So trouts are pretty cool fish. I know technically most people refer to the plural of trout as simply that, trout. But, I prefer trouts. It just feels better to say off your breath. I kind of feel bad after I caught so many trouts in the last four days or so. It is a really bizarre feeling to smash their heads against rocks or with the end of a utility knife so that they won't squirm and get away. I don't know why but I always feel bad killing fish, especially trouts. I love fishing, I love catching them, and unless their is a buttload of them in the water like here on my island I usually throw them back. Not lately though, I'm a trout killer. I've done slain like 7 of those suckers in the past week.
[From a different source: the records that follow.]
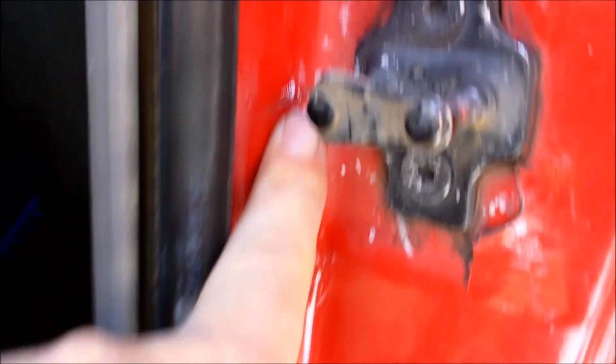I noticed a little problem here — starting to crack, so that's not good. I'm gonna try and weld it myself, so let's see what it does.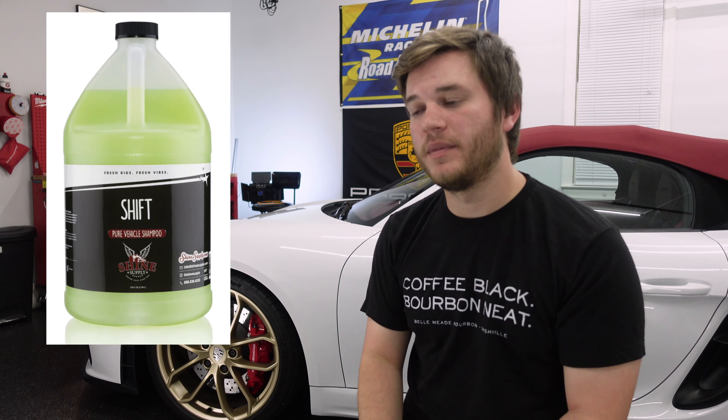They sell soaps that have nothing in them except for cleaners, which is what I use. They also sell soaps that have SiO2 — the principal component of ceramic coatings — infused into the soap, which helps add a little bit of protection as you wash the car. Those are more expensive, but they do a really good job of washing and protecting specifically for ceramic coated cars.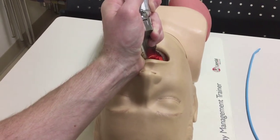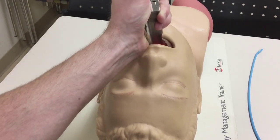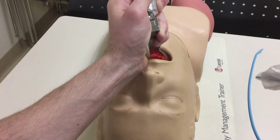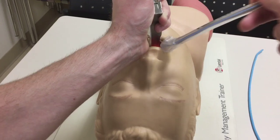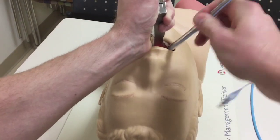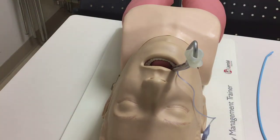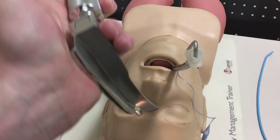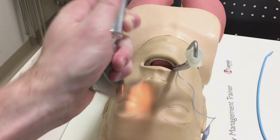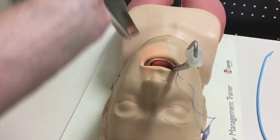When you lift the tongue, you'll get a good clear view of the cords. Come in from the side — not straight on — rotating the tube in, and they're intubated. Very simple. This is a non-difficult airway, no backup devices, just a standard Mac 4. Sweep the tongue: in and sweep, not straight in and pull. Sweeping it out of your way.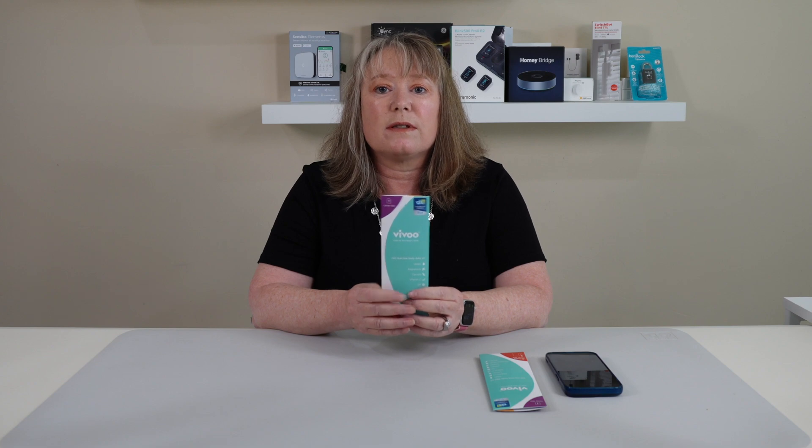These are the second generation of the VIVU test strips, and they test a lot of different things. It's really great because sometimes you go to the doctor's office and do a urine test, but you don't need to do that — you can do it right at home.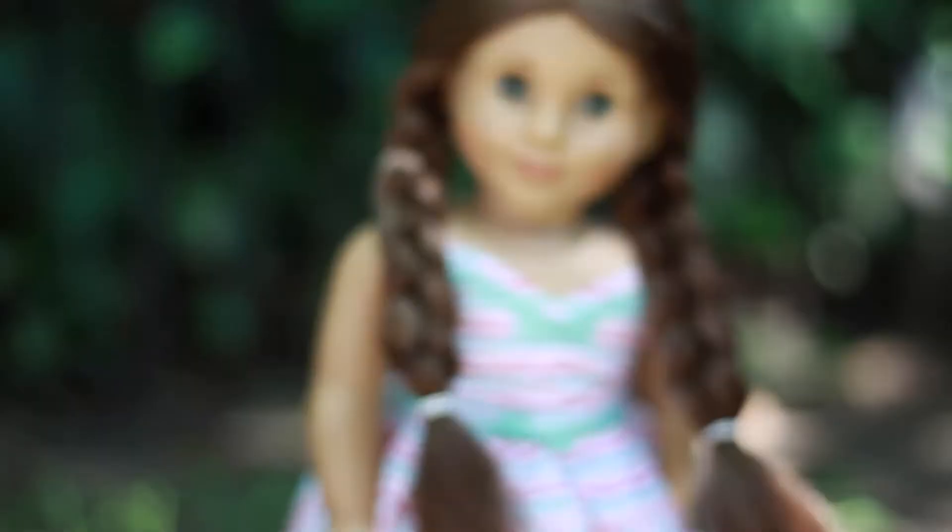She looks so cute. I got some photos and I think they turned out all right. I'm just going to switch photo spots and see if I can get any better photos.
Yesterday I hiked for hours across a four wheeler trail to kill trouts. I hiked through the muddy squishy tundra to get to a trout pond upriver from my town. The most enjoyable part of the day was eating the ham and cheese sandwich, red delicious apple, reeses peanut butter cup and coca-cola lunch I packed for myself upon my arrival at the pond. Somehow the coke was still ice cold. I took my shoes and socks off and fished barefoot in the sun for 4 hours.
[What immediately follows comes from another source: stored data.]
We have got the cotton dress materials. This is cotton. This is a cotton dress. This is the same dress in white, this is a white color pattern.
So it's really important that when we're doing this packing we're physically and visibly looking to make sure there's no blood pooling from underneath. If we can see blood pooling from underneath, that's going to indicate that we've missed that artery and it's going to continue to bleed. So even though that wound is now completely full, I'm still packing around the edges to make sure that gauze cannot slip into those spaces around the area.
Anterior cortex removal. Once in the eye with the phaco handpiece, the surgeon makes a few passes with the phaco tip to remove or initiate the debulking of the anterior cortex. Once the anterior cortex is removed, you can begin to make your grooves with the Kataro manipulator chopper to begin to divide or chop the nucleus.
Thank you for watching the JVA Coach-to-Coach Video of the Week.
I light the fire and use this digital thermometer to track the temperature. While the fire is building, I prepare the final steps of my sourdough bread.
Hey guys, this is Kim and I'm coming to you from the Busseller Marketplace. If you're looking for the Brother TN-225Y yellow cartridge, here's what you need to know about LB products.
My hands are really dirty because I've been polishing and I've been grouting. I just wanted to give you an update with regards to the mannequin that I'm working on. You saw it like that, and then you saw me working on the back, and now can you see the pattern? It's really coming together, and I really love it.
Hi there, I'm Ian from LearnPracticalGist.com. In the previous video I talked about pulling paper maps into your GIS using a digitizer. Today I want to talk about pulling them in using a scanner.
I lost a monster trout right away to a thrown hook, then I caught and released two baby trouts. The mosquito repellent I applied worked like a charm and I didn't get bit once. After letting the two baby trouts go I didn't catch anything for 3 hours. I had timed my walk there, it took two hours, and knew I needed to leave around 8 to safely arrive home before dark. At 7:45 a dense fog and rain clouds rolled into the valley. It got cold immediately and I still had no trouts.
I was getting pissed off not only because the witty trouts were avoiding my attempts, but also because every other cast would return a three pronged hook full of river grass and algae. The weather was about to get bad. I had hiked my butt off and caught no trouts and I needed to go home. I contemplated walking home in the dark so I could stay trout fishing longer. I started to see some trouts jump at the top of the pond. I went to the top and flicked a couple of casts into the hole. Nothing.
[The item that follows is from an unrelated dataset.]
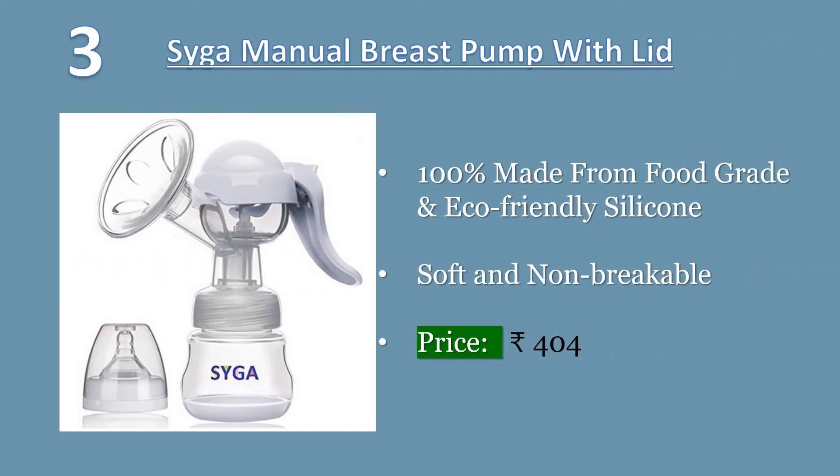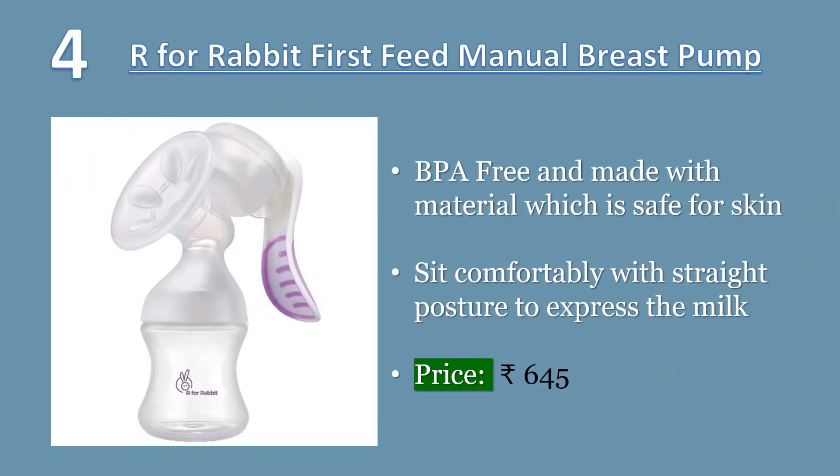Number three: Cigar manual breast pump with lid for breastfeeding. 100% made from food-grade and eco-friendly silicone. Two modes: high suction and medium-level suction. Portable, soft and non-breakable. Ergonomic handle reduces grip strength and makes fast pressing more labor-saving, making sucking milk enjoyable for mommy. Easy to clean, can be sterilized in boiling water. Price: 404 rupees.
I said, "Skrew it, I'm outta here after this cast." Just like a charm I pulled out a big ol' trout. It fought good and I waited all day for that little bugger. I was happy I caught at least one. Then I got greedy and cast again after I splattered blood all over my cheek when I wacked the trout to death with a stick. Two more identical casts and I had landed an even bigger trout. I knocked it out with a shoe and then chopped both the trouts heads off. I gutted em' put them in a plastic grocery bag, put my dried socks and shoes on and walked home.
I was happy. Until, my butt started aching from all the tundra walking. Luckily a cool guy named Jim in a beat up old toyota truck gave me a ride from the dump into town cutting my return walk by at least a half an hour. I got home and cleaned the trouts. I fried em' up in pancake batter and ate em. As I picked the bones out of my teeth I thought "Trouts always get the last laugh, freakin' bones are so damn annoying."